In der Deckung von Brennnesseln, die am Gartenzaun wachsen, pirschen wir mit der Kamera näher heran. Der Bock treibt unterdessen seine Ricke über die Stoppeln. Das Treiben führt langsam in Richtung Mais, bis die beiden schließlich zwischen den Stängeln verschwinden. Auf den Fotos erkennen wir, dass der Bock an der rechten Stange zwei zusätzliche Enden hat.
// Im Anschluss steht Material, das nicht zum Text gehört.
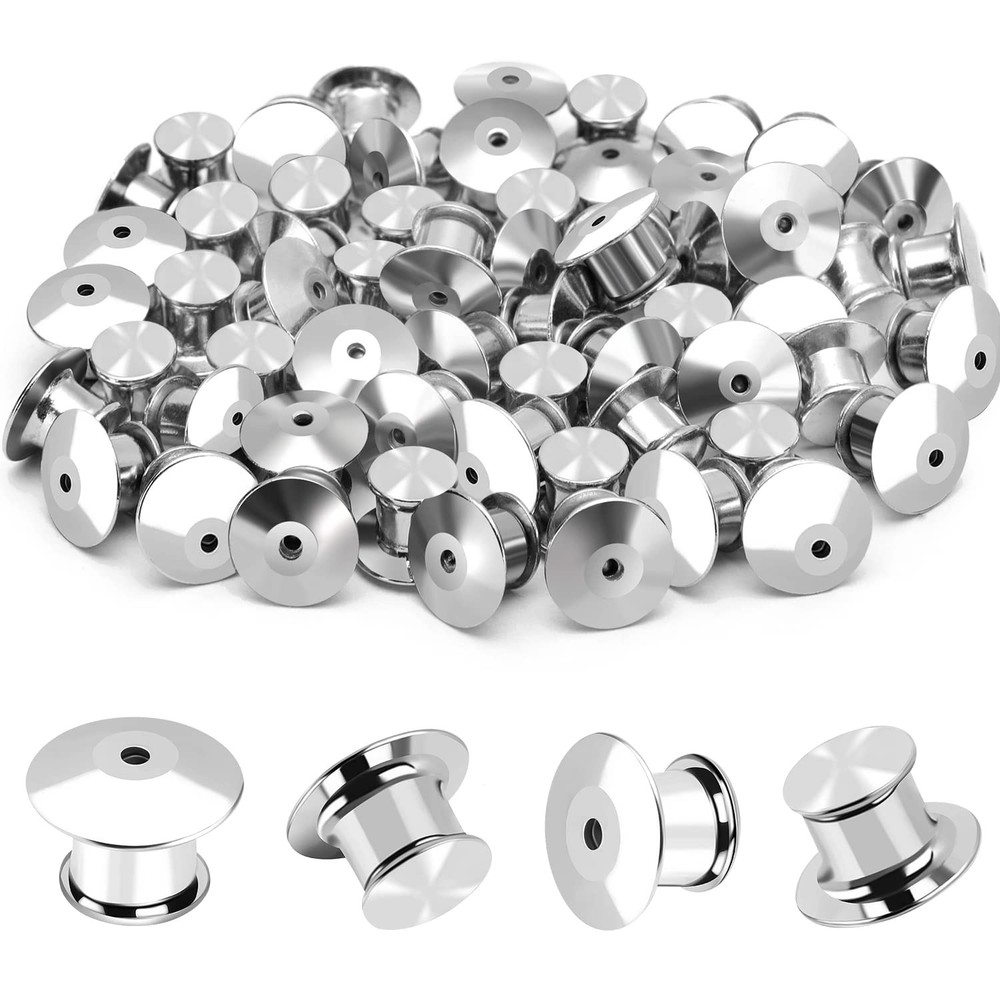 40PCS Locking Pin Back Keeper Clasp, Metal Backing for Silver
Ein Ende sitzt gegenüber der Vordersprosse, und eine weitere Stange wächst oberhalb der Rose nach oben – etwa bleistiftdick.

„Ein interessanter Bock“, stellt Andreas nüchtern fest, der wenig Faszination für Abnormitäten hegt. Ein Tipp für alle, die sich für eine solche Jagdreise interessieren: Wenn ihr einen Bock seht, der euch gefällt und auf den ihr es später noch einmal versuchen wollt, macht ein Handyfoto und aktiviert die GPS-Funktion. So könnt ihr die Stelle dem Jagdführer zeigen und habt zugleich ein Bild der Umgebung, was das Wiederfinden erleichtert. Bei den vielen Böcken, die man pro Ausgang sieht, ist es oft schwierig, dem polnischen Jagdführer genau zu erklären, welchen man meint.

Am Ende hat es mit dem bestätigten Abnormen doch noch geklappt.

Am Abend werten wir gemeinsam alle Fotos aus und zeigen sie den anderen der Gruppe. Der abnorme Bock sorgt natürlich für Interesse. Tatsächlich genieße ich die Abende genauso sehr wie die Pirschfahrten. Das Zusammensitzen, erzählen was man erlebt hat in gelöster Stimmung und gutem polnischen Essen gehört einfach dazu. Als wir es am Morgen erneut auf den Abnormen versuchen, haben wir kein Glück und blatten lediglich einen jungen Gabler heran. Dafür erleben wir eine einmalige Begegnung während der Blattzeit. Vor uns auf den Stoppeln entdecken wir einen jungen, aber starken Sechser. Mit der Kamera bewaffnet wollen wir ihn blatten und fotografieren. Zunächst klappt es ohne Probleme. Wie an einer Schnur gezogen, kommt der Bock auf uns zu. Doch plötzlich verhofft er und äugt nach rechts. Eingeschränkt durch den Sucher unserer Kameras haben wir nicht bemerkt, dass sich ein weiterer Bock unserem Blatten genähert hat. Dieser ist ein alter, etwas ungleicher Bock, der sich nun mit dem jungen Sechser ein Schaulaufen liefert. Sie verdrehen die Lichter, recken die Häupter und plätzen auf dem Stoppelfeld. Einen richtigen Kampf wollen sie aber nicht beginnen. Dennoch ist es beeindruckend, dieses Verhalten so hautnah zu erleben.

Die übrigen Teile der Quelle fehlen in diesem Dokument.